Three days of rest and recovery passed. Daniel and Lucas had expended the new hearts they'd collected from the beasts, and slow improvements began to show in their bodies and magic. Daniel's first mana circle rose to 17%, while Lucas's hovered around 8%.

They left their lodgings for the mercenary guildhall, but Daniel suggested they stop first at Sanjay's restaurant for a meal worthy of a fresh start. The two ate quietly and traded small talk when a voice from the next table snapped their attention.

A man was speaking plainly, recounting the details of a public execution scheduled for that day. He described the condemned men's features without knowing he was planting a shock at a nearby table.

Daniel and Lucas exchanged a glance, then both turned toward Sanjay, who had frozen as he listened. No words were needed; all three rose at once.

They hurried through the alleys and made straight for the execution square. The crowd swelled as they approached, and their hearts quickened with it.

The rest of the group stood there ahead of them. It was clear they had expected Daniel and Lucas; neither man could ignore what was coming.

In the center of the square a grim wooden scaffold stood, covered with straw, a large cutting device gleaming above it. The scene might have been borrowed from some grim European tableau where justice met brutality.

The two condemned men stood in the square, hands bound and their mouths gagged with thick cloth. One was thin; when Daniel's eyes fell on the other, there was no doubt left.

(They are them…)

The party approached slowly. Risha hung back a little, walking behind the others with her gaze down. She disliked such spectacles and could not hide her unease; in a voice barely audible she asked, "Why stage executions publicly like this? Wouldn't it be better to carry them out within a closed facility, away from the public eye?"

Malik answered beside her, voice calm but firm, "On the contrary — this is better. When people see punishment with their own eyes, they think twice before breaking the law. Listening is one thing; seeing is another. And some men fear a ruined reputation more than the punishment itself. Public shame makes many hesitate."

Daniel stepped forward then, speaking quietly but with weight: "Sometimes harsh acts hide a greater mercy. You shouldn't judge from the surface alone."

He stood at the nearest permitted point to the platform, his eyes fixed on the two men. At that moment a guard read the charges aloud — a list of crimes — and then came to the one that made the group freeze.

The final crime was directed against Daniel, Lucas, and Sanjay.

They exchanged silent looks. Daniel, however, seemed not to hear it. He ignored it and, staring at the condemned, said with a cold smile, "Perhaps the kingdom will know peace at last… from your smell."

The two men glared despite their gags, trying to scream curses, but only muffled noises came out — thin things laden with hatred.

Then the rope slipped.

The iron blade fell like unseen lightning and cut both heads clean in one motion, without sound or hesitation.

The first head rolled into the left basket; the second into the right. A hush fell over the square as if time itself had stopped.

Risha covered her eyes quickly, unable to bear the sight. Though she was hardened in the field, this raw cruelty was harder than she had expected.

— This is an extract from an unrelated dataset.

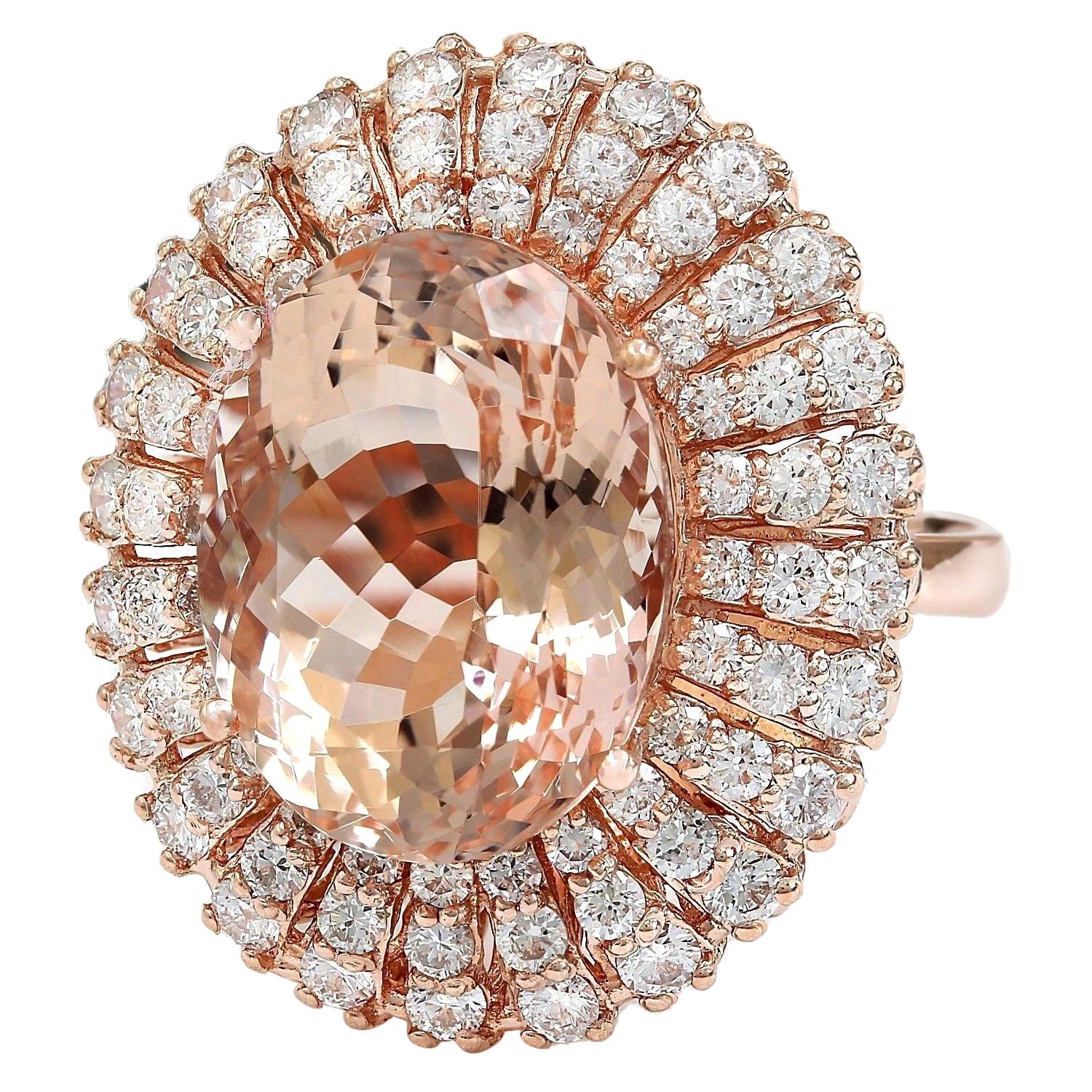 12.85 Carat Morganite 18 Karat Solid Rose Gold Diamond Ring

Noticing her distress, Niral left the group quietly and returned with a small cup of warm brew sweetened with honey and fruit. He handed it to her without a word and offered only a silent smile.

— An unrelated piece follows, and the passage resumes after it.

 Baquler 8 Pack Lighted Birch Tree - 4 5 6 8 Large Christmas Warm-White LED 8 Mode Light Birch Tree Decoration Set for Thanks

On the walk back to the guildhall Lucas broke the silence, his tone edged with a question that had not been digested: "Why did they list our case among those two's crimes? We never went to file a complaint against them!"

Daniel nodded; he had been thinking the same thing. They all slowed their pace, waiting for an answer.

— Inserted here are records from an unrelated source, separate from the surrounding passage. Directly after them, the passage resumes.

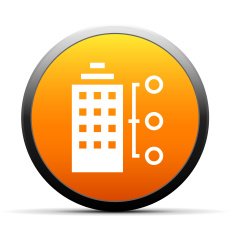 Office Building icon on a round button N21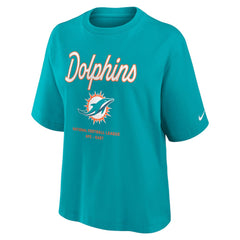 Miami Dolphins Women's Essential Script Relaxed Boxy T-Shirt - Aqua discount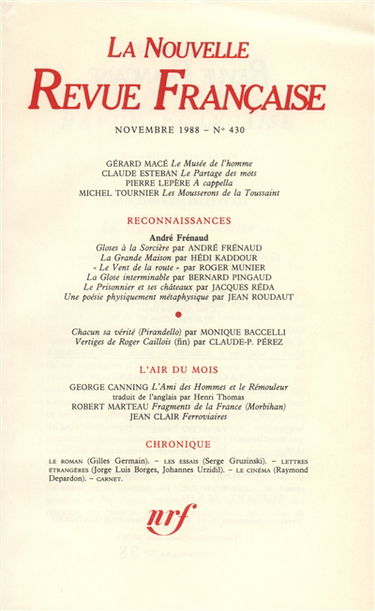 Nouvelle revue française, n° 430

Niral spoke after a moment's pause, "Didn't Risha say one of those mercenaries saw you with the others when you fled? Maybe one of those captured mercenaries spilled the truth after they were caught."

Malik nodded in agreement. "Yes… that's plausible."

Daniel looked up at the sky. "It's also possible they confessed under torture… but who captured them in the first place?"

Niral sighed softly, watching their faces as if weighing answers in his heart. "Yes… that is possible too."